> [Task statement]
From the listing below, copy only the lines from the line that contains "I'll go here" to the line that contains "Two-sided light I'm", counting those two lines as part of the copy.

═════ Record excerpts ═════

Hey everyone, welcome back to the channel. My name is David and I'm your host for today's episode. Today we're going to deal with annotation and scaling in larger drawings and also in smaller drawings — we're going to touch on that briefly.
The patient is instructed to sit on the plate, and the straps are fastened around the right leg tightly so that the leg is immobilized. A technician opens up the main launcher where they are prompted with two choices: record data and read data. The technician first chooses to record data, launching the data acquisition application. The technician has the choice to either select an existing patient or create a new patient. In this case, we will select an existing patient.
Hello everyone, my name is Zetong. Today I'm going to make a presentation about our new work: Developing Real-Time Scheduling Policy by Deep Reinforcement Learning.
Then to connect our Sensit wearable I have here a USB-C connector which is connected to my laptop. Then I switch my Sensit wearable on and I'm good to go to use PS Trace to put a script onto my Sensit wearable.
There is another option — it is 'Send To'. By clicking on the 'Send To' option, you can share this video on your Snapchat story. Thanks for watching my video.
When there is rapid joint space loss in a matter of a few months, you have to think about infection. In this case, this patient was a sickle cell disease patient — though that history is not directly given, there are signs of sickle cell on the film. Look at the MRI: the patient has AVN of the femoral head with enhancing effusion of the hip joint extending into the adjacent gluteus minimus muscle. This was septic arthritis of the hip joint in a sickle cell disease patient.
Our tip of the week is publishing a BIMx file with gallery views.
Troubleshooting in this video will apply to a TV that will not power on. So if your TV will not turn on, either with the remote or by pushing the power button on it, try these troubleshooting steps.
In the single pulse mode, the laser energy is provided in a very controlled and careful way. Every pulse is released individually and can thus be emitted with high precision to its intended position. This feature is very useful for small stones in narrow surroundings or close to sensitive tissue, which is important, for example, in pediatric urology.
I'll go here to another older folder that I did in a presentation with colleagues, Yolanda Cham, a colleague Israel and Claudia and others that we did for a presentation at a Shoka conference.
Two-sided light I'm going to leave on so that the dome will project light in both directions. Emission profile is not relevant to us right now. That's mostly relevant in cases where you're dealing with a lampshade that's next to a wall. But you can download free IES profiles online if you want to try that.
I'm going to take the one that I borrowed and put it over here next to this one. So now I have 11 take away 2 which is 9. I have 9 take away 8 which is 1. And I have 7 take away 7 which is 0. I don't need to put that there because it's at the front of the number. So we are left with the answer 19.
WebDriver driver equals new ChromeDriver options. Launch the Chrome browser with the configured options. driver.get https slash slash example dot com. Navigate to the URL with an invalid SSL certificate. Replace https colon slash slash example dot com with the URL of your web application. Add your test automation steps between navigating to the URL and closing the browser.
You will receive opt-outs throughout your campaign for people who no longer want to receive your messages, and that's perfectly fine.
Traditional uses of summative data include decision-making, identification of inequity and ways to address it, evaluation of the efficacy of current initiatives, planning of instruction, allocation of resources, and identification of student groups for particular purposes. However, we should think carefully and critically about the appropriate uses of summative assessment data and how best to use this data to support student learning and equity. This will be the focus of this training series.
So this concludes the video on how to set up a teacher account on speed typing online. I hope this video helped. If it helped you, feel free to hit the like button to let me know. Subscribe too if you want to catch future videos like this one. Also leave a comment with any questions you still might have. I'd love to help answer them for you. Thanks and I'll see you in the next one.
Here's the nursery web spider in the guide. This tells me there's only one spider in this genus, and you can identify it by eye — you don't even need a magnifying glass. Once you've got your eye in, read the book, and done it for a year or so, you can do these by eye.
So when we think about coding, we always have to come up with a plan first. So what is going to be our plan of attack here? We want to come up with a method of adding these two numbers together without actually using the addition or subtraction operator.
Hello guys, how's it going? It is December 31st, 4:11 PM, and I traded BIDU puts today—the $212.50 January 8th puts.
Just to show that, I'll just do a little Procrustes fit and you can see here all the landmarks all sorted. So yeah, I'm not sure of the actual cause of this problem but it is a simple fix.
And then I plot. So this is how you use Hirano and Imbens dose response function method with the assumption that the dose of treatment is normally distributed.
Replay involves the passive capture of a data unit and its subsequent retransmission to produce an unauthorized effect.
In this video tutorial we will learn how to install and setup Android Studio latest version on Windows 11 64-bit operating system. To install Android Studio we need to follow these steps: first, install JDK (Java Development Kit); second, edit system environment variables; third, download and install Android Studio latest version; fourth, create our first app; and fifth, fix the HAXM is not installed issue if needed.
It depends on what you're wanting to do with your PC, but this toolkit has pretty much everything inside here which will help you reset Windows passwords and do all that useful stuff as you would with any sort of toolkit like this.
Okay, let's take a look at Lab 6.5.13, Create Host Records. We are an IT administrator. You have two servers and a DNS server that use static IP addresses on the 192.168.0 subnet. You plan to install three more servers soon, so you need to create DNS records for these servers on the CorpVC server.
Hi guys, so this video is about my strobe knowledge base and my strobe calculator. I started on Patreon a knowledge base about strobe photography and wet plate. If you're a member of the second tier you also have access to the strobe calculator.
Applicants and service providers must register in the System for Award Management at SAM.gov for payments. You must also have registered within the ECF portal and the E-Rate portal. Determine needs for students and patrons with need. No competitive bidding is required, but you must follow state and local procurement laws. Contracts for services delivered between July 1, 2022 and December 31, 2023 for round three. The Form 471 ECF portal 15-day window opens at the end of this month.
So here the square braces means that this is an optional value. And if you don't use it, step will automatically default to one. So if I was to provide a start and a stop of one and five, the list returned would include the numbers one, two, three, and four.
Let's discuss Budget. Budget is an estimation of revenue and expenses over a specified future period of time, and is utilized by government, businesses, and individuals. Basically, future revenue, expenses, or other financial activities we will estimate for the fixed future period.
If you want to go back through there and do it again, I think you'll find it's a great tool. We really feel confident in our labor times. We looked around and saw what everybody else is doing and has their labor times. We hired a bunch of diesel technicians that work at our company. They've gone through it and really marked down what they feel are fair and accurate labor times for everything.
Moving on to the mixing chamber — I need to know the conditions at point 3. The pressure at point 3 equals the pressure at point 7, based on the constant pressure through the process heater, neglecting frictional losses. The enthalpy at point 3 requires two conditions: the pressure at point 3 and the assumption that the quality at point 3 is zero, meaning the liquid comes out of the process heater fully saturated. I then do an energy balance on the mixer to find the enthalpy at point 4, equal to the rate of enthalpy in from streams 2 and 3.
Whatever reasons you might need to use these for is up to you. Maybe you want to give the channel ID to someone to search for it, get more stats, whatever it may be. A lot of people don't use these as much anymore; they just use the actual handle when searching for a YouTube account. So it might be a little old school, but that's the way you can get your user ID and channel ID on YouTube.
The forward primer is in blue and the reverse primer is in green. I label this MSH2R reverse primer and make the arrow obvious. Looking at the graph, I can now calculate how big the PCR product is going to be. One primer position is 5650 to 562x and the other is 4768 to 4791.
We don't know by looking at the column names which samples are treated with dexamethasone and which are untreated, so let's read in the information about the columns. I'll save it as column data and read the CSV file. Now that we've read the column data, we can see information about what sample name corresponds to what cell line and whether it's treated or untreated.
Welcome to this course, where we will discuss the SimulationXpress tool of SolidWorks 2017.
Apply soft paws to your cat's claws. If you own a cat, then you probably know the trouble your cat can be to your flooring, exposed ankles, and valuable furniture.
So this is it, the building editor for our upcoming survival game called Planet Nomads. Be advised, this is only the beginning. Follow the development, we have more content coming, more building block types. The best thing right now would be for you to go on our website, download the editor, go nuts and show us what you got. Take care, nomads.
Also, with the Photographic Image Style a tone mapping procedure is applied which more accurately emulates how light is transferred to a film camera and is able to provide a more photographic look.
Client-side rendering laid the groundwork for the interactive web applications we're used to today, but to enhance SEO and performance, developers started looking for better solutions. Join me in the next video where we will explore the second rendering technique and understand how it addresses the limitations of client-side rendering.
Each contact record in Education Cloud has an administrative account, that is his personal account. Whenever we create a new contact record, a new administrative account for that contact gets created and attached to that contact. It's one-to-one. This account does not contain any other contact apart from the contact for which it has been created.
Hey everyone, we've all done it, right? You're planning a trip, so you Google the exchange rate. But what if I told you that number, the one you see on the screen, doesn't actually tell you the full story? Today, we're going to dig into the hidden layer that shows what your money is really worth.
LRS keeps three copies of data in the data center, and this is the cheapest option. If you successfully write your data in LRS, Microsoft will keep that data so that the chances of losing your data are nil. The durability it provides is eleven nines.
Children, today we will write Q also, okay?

═════

> [Written response]
I'll go here to another older folder that I did in a presentation with colleagues, Yolanda Cham, a colleague Israel and Claudia and others that we did for a presentation at a Shoka conference.
Two-sided light I'm going to leave on so that the dome will project light in both directions. Emission profile is not relevant to us right now. That's mostly relevant in cases where you're dealing with a lampshade that's next to a wall. But you can download free IES profiles online if you want to try that.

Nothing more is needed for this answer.